There are several tools that require an operator to be able to locate the tool within a wellbore such that the tool is positioned in an exact location within the wellbore. After a tool is located, it is often necessary to maintain the tool in the located position. By way of example, it is often necessary to locate a tool within the wellbore so an operator can be assured that another downhole component is moved into a correct position. For example, proper location of a tool can indicate whether a sliding sleeve has moved into an open or closed position. Then, once the tool is located, an operator can be assured that the sleeve does not move into another position because the tool is maintained in the located position. This can allow the operator to ensure that the desired fluid flow paths within the wellbore and through one or more tools are maintained.

However, when the length of the wellbore is very long, the tubing string connected to the tools can stretch. The stretching of the tubing string results from a variety of factors including, the large of amount of weight of the entire tubing string that can act under the force of gravity to pull and stretch the tubing string, and the temperature of the formation.

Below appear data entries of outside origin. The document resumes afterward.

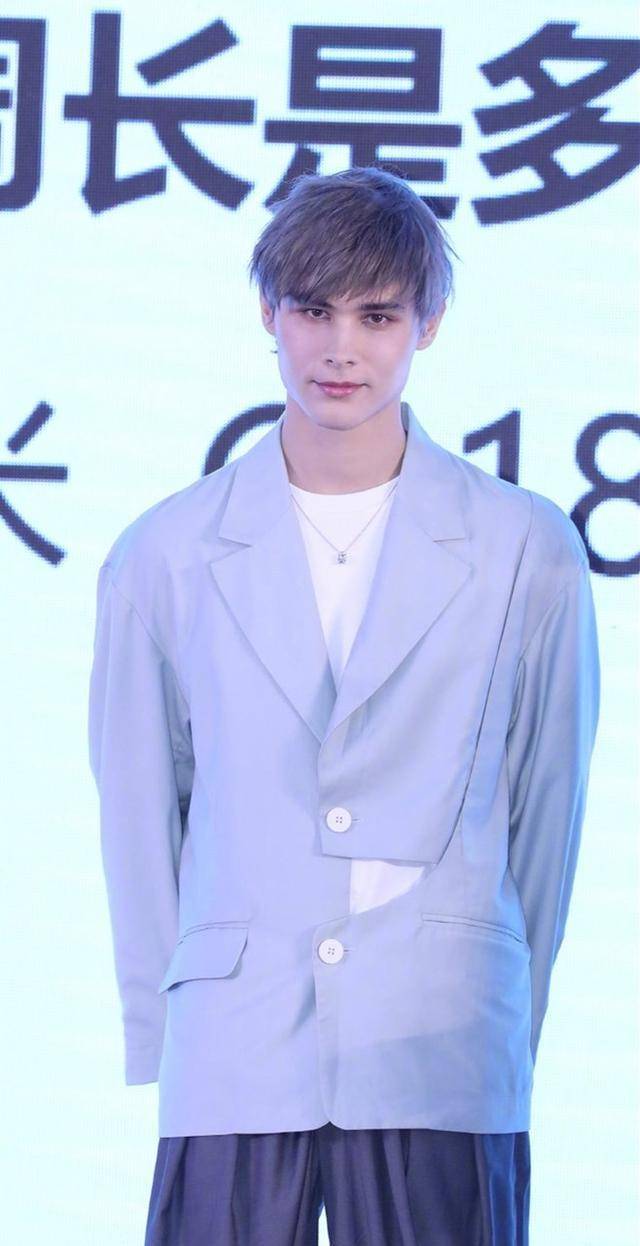 鲁修参演了中国主旋律电影。谁会想到他是《创4》最火的选手?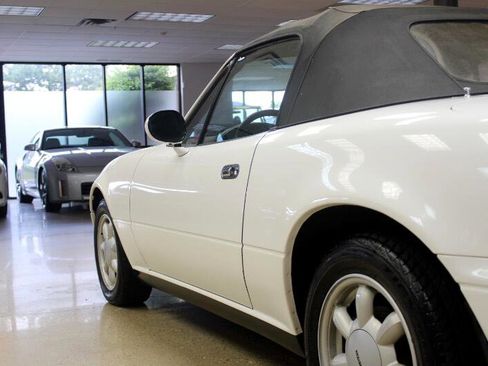 Used 1990 MAZDA MX-5 Miata image 18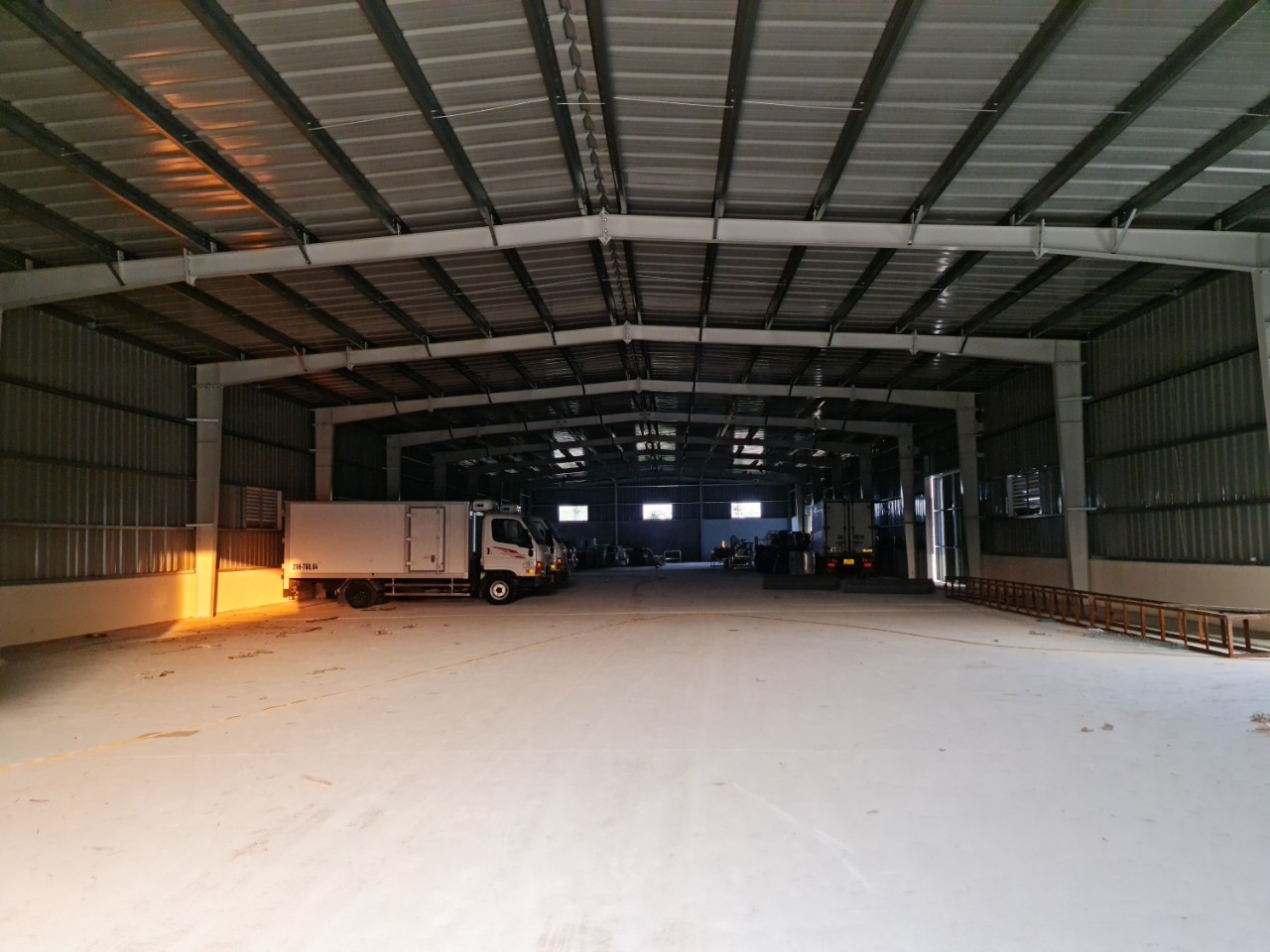 Cho xưởng gần cầu Mai Lĩnh , Hà Đông, Hà Nội, 2000m khung zamil tiêu chuẩn giá 60k, pccc bảo vệ vòng ngoài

For example, higher formation temperatures can heat the tubing string, thus allowing the physical properties of the metal to change, for example, causing elongation of the metal. The change in properties can allow the tubing string to stretch or shrink. As wellbores have become increasingly longer, especially in off-shore drilling, the stretching of the tubing string has become a greater issue in oil or gas operations.

In these situations, being able to effectively locate a tool within a wellbore and maintain the tool's location is difficult. The difficulty is increased in off-shore drilling due to rig heave from rough water surrounding the rig. Rig heave can cause unintended upward and downward force and/or movement of the tubing strings and consequently downhole tools. As used herein, the relative terms “upward” and “above” and all grammatical variations thereof means in a direction or location closer to the wellhead. As used herein, the relative terms “downward” and “below” and all grammatical variations thereof means in a direction or location farther away from the wellhead.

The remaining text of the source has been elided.